Instructions to follow. The answer must consist only of the lines from the line with "Photo from the" to the line with "TCL S59K 32S59K TV 81,3 cm (32", both included, exactly as they stand below.

Data section.

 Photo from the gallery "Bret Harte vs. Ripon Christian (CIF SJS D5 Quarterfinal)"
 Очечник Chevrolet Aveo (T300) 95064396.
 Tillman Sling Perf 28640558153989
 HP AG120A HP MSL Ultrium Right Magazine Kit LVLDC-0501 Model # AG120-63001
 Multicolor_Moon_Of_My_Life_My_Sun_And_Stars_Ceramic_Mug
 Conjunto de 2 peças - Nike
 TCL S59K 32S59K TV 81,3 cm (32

---

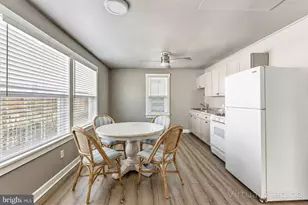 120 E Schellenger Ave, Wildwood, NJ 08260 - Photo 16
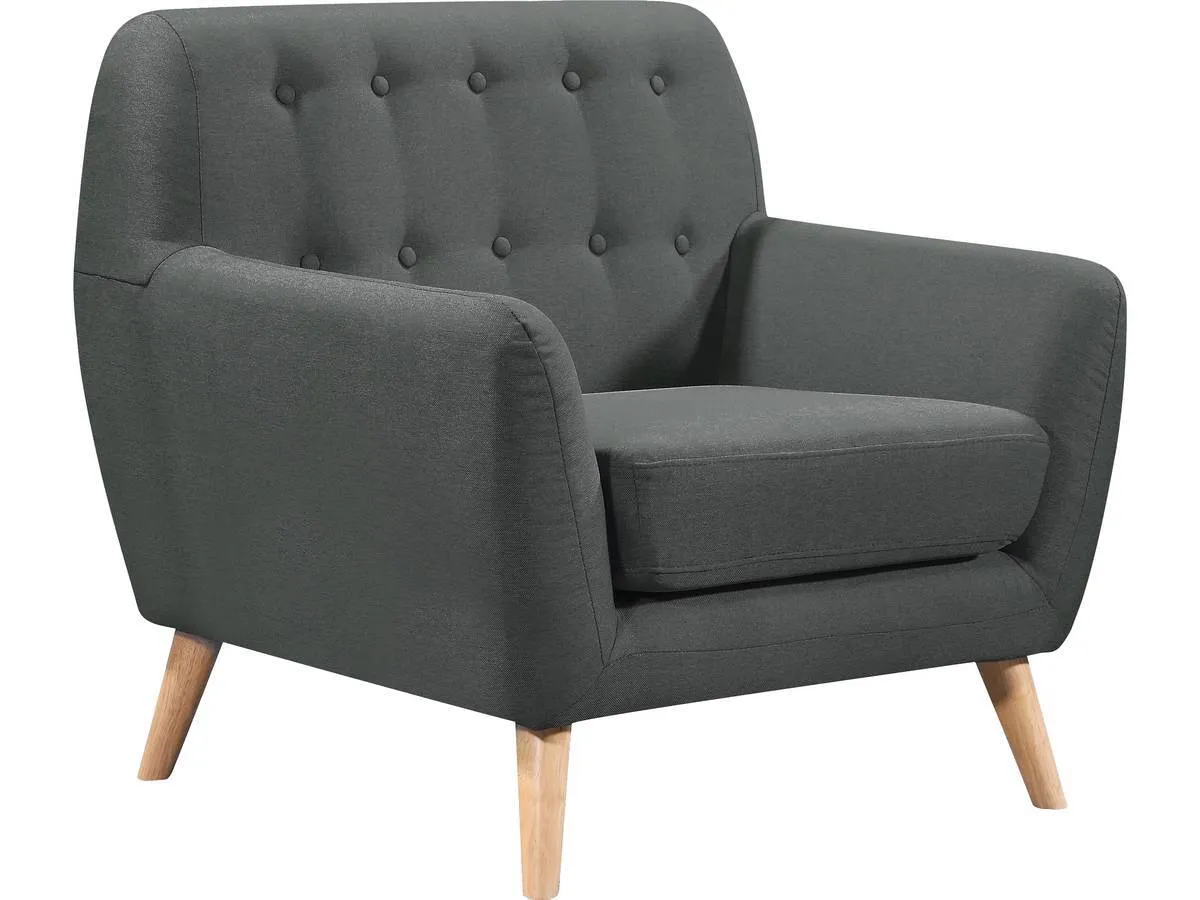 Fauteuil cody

Answer.
 Photo from the gallery "Bret Harte vs. Ripon Christian (CIF SJS D5 Quarterfinal)"
 Очечник Chevrolet Aveo (T300) 95064396.
 Tillman Sling Perf 28640558153989
 HP AG120A HP MSL Ultrium Right Magazine Kit LVLDC-0501 Model # AG120-63001
 Multicolor_Moon_Of_My_Life_My_Sun_And_Stars_Ceramic_Mug
 Conjunto de 2 peças - Nike
 TCL S59K 32S59K TV 81,3 cm (32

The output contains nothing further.